Content starts
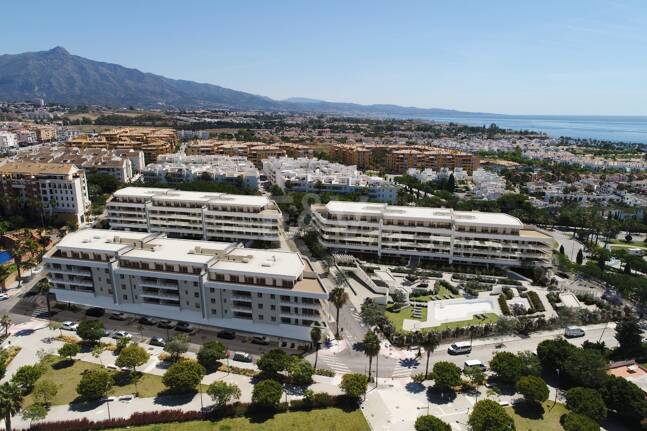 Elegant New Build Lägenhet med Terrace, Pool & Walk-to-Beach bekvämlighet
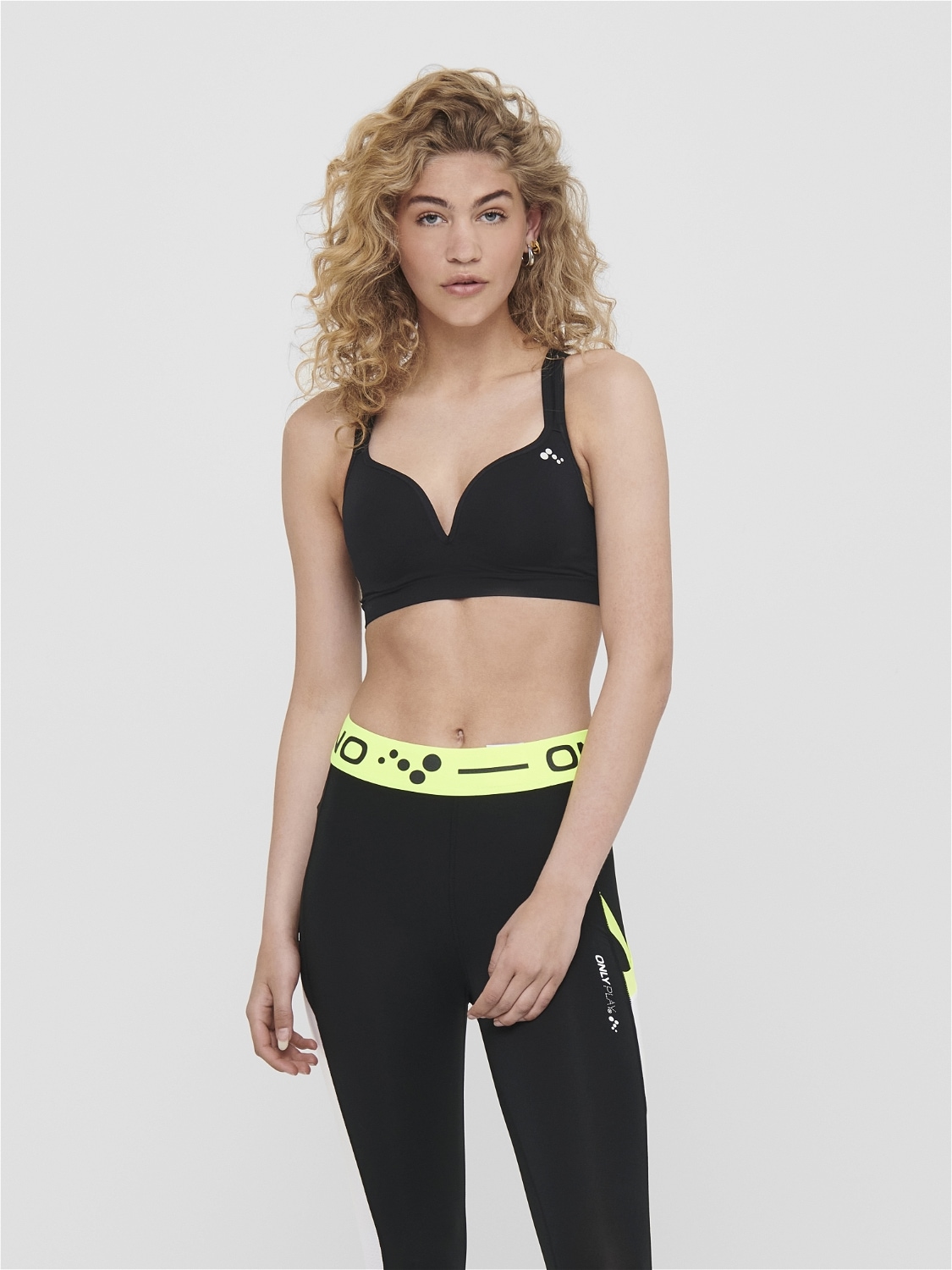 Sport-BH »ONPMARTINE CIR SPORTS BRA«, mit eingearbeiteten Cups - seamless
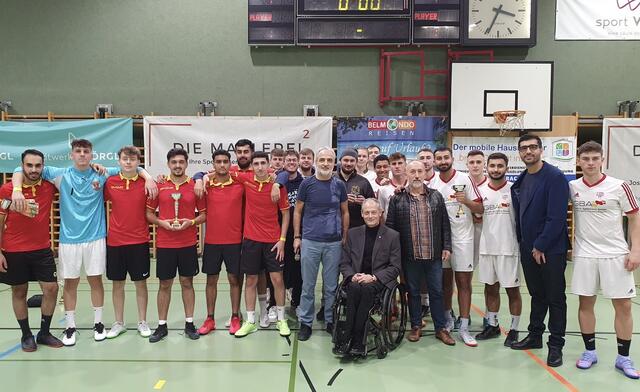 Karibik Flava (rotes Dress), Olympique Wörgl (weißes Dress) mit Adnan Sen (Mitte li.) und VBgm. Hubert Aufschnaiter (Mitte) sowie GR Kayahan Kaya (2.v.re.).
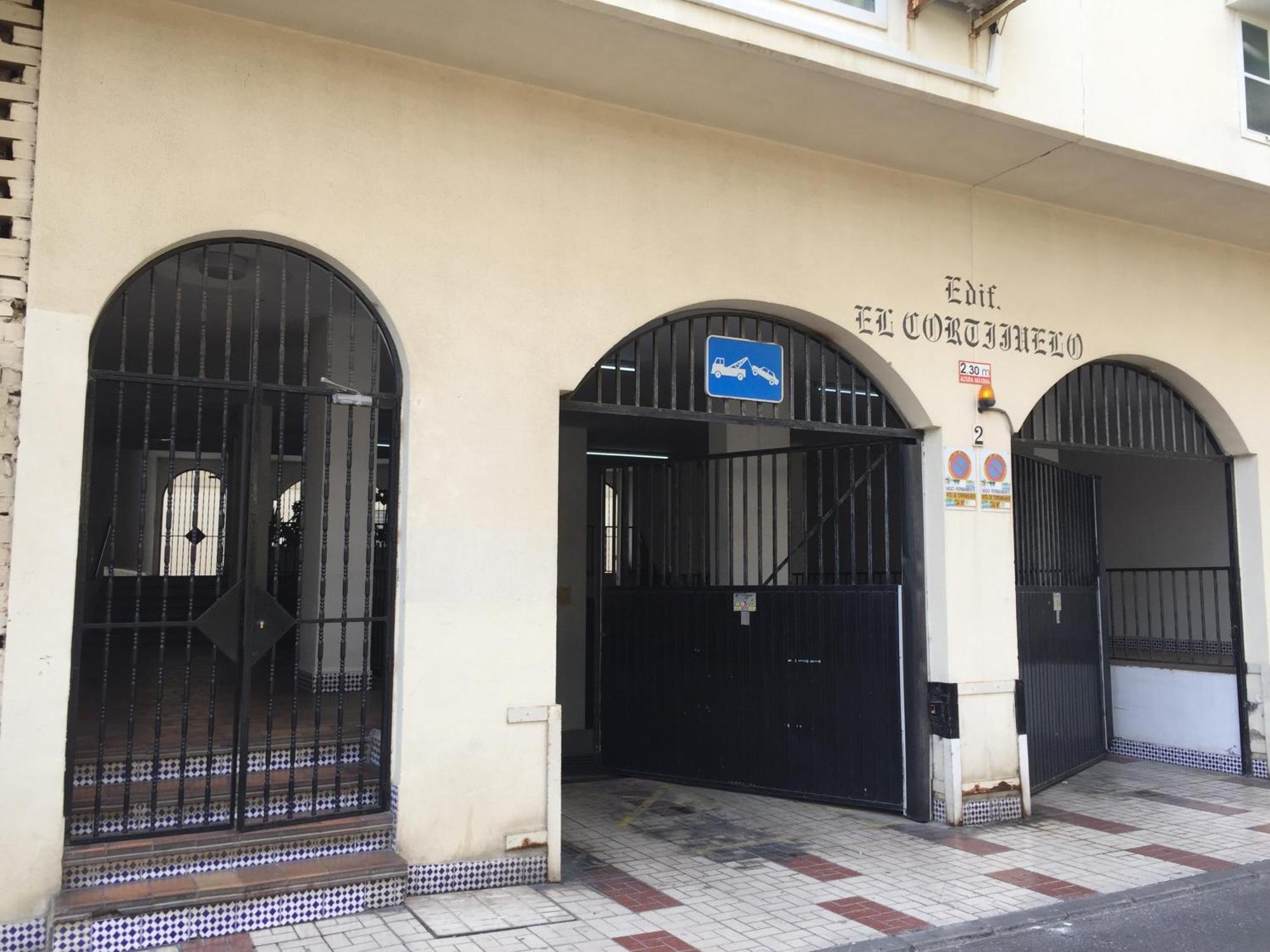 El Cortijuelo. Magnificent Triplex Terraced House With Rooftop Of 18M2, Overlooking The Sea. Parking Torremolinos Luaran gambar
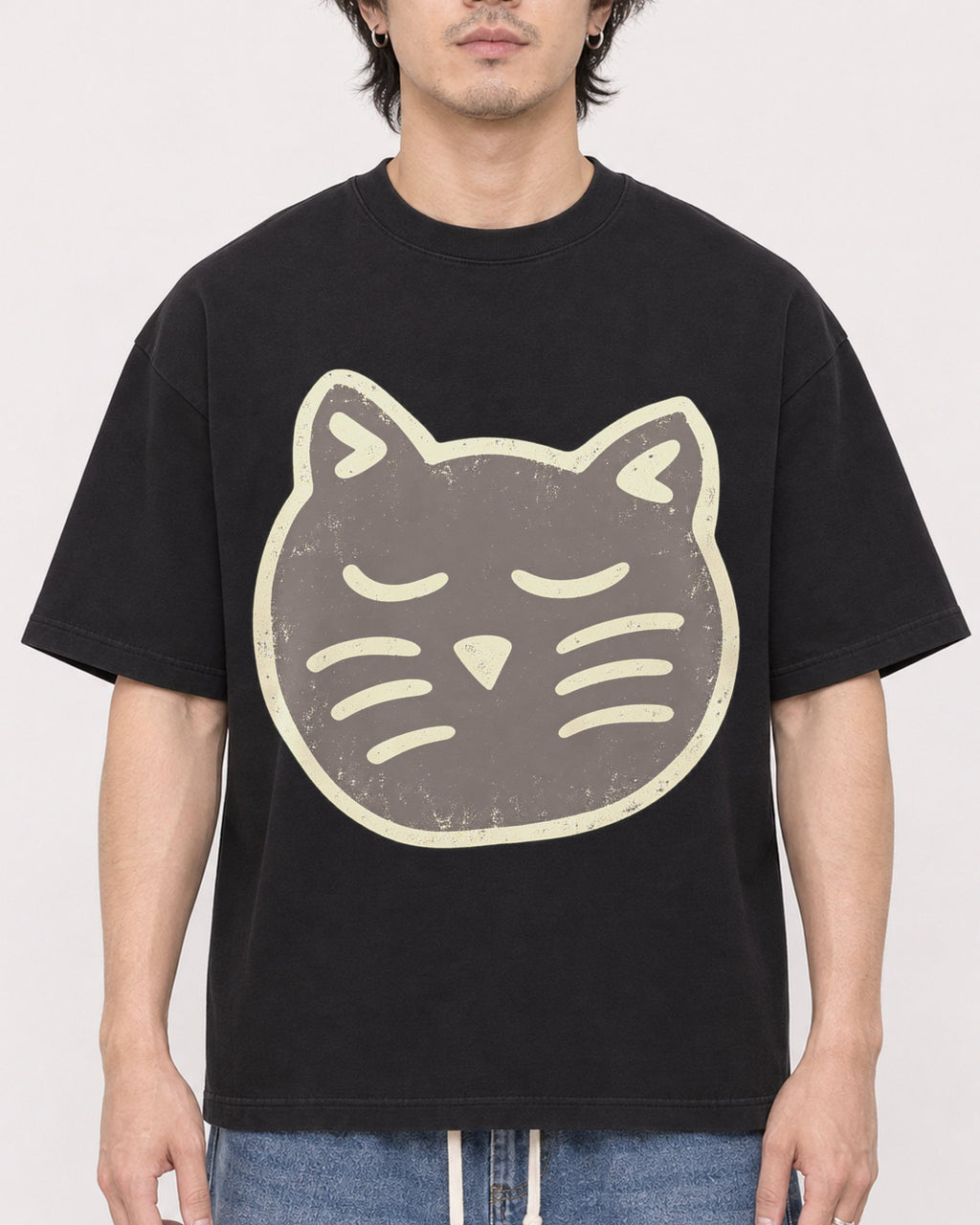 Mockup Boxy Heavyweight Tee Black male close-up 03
Content ends
■ EXERCISE ■
Produce an exact copy of the lines from the line containing "Cups - seamless" to the end of the material, both ends included, and omit every picture.

■ TASK RESULT ■
 Sport-BH »ONPMARTINE CIR SPORTS BRA«, mit eingearbeiteten Cups - seamless
 Karibik Flava (rotes Dress), Olympique Wörgl (weißes Dress) mit Adnan Sen (Mitte li.) und VBgm. Hubert Aufschnaiter (Mitte) sowie GR Kayahan Kaya (2.v.re.).
 El Cortijuelo. Magnificent Triplex Terraced House With Rooftop Of 18M2, Overlooking The Sea. Parking Torremolinos Luaran gambar
 Mockup Boxy Heavyweight Tee Black male close-up 03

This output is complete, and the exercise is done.